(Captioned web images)

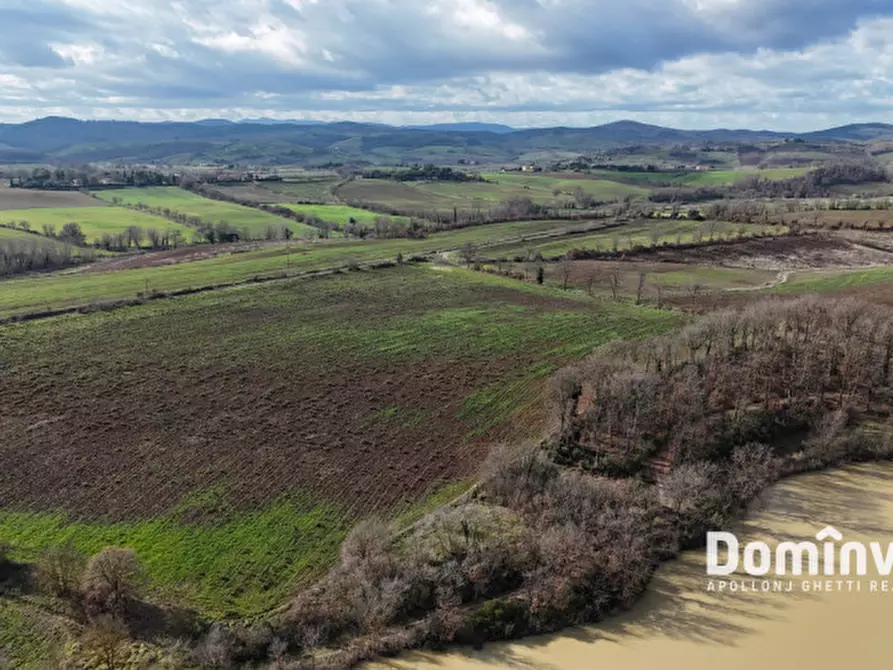 Immagine 27 di Rustico / casale in vendita  in Strada Capalbio Pescia Fiorentina a Capalbio
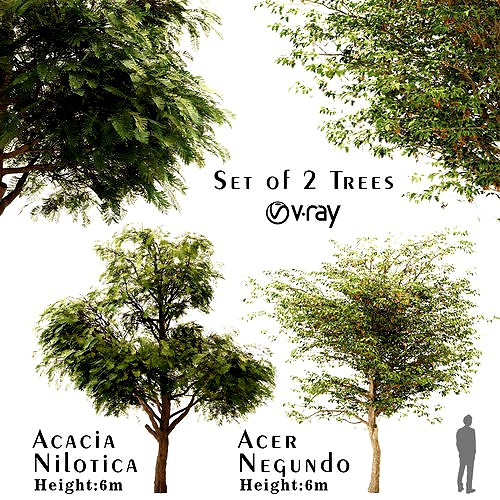 Set of Acacia Nilotica or Gum Arabic and Acer negundo Trees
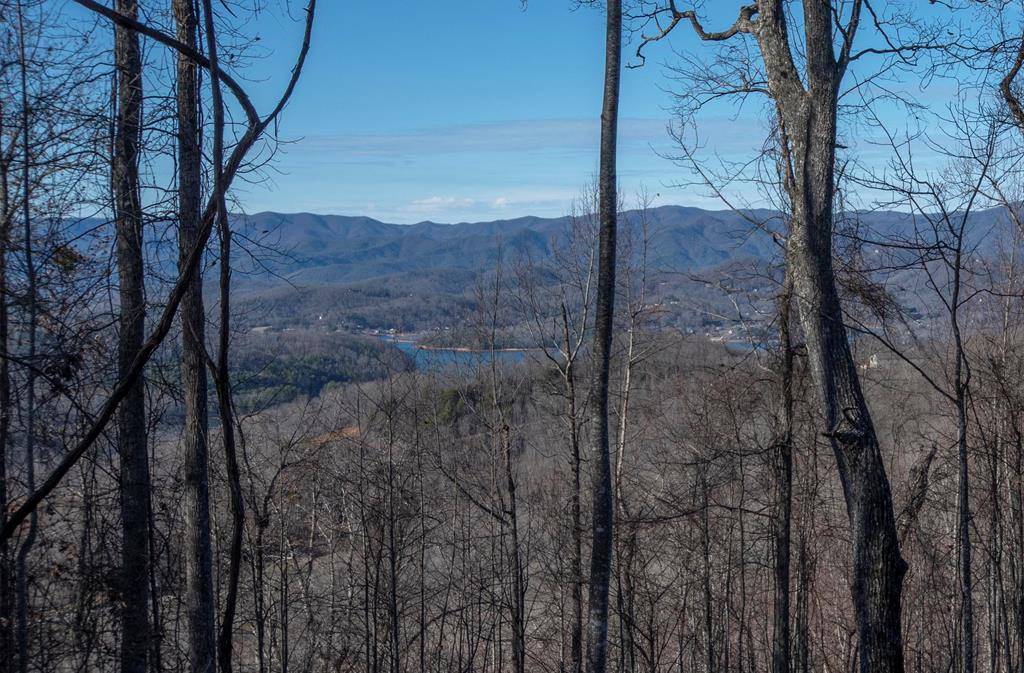 Hayesville, NC 28904,Lot 70 Dan Knob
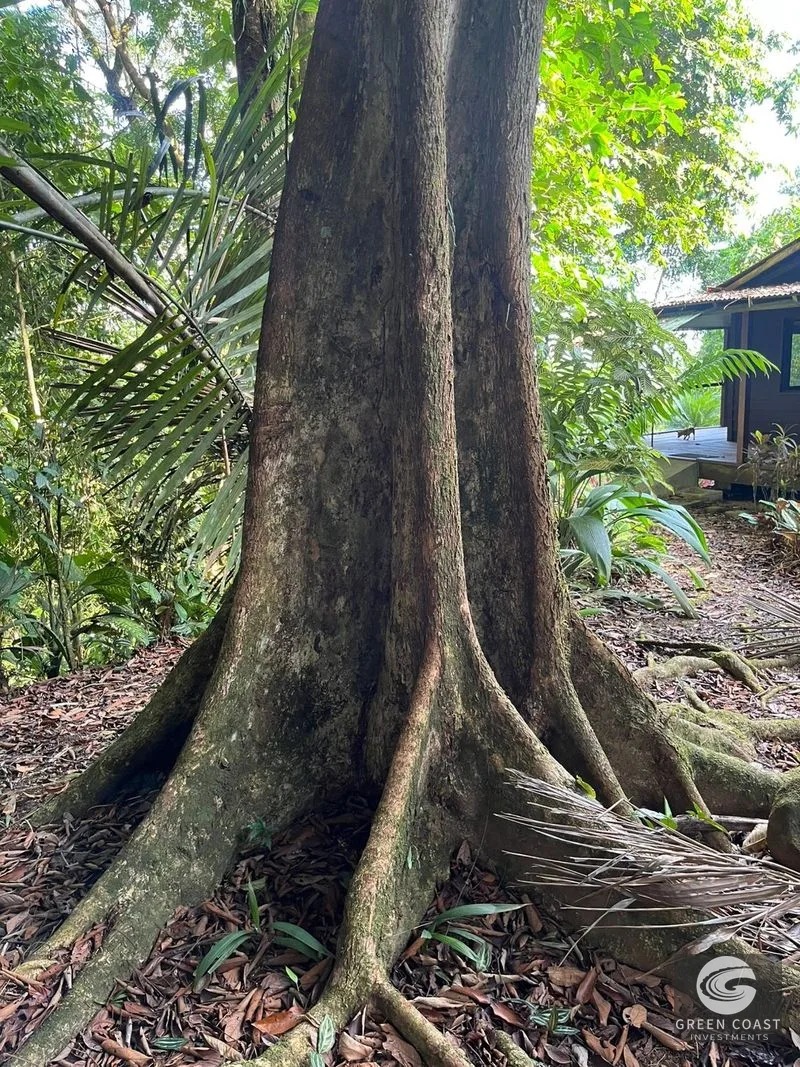 Pavones Surf Ranch: 5-Acre Jungle Estate Near World-Class Point Break — view 16, Pavones, Costa Rica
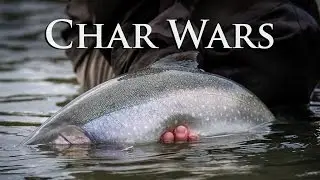 Alaska Char Wars | Arctic Char of the Iliamna River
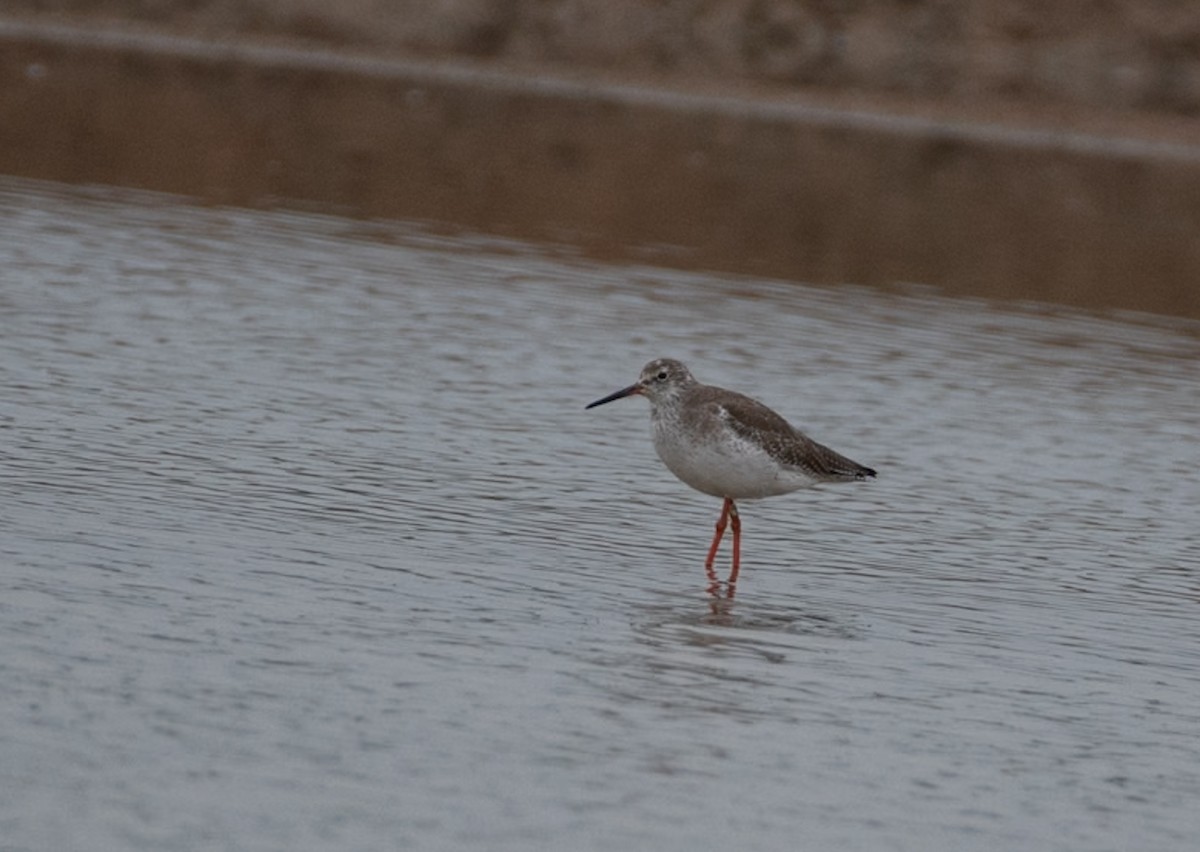 Common Redshank - ML646048069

:: Problem requirements ::
Reproduce the records exactly, images excluded.

:: Exercise output ::
 Immagine 27 di Rustico / casale in vendita  in Strada Capalbio Pescia Fiorentina a Capalbio
 Set of Acacia Nilotica or Gum Arabic and Acer negundo Trees
 Hayesville, NC 28904,Lot 70 Dan Knob
 Pavones Surf Ranch: 5-Acre Jungle Estate Near World-Class Point Break — view 16, Pavones, Costa Rica
 Alaska Char Wars | Arctic Char of the Iliamna River
 Common Redshank - ML646048069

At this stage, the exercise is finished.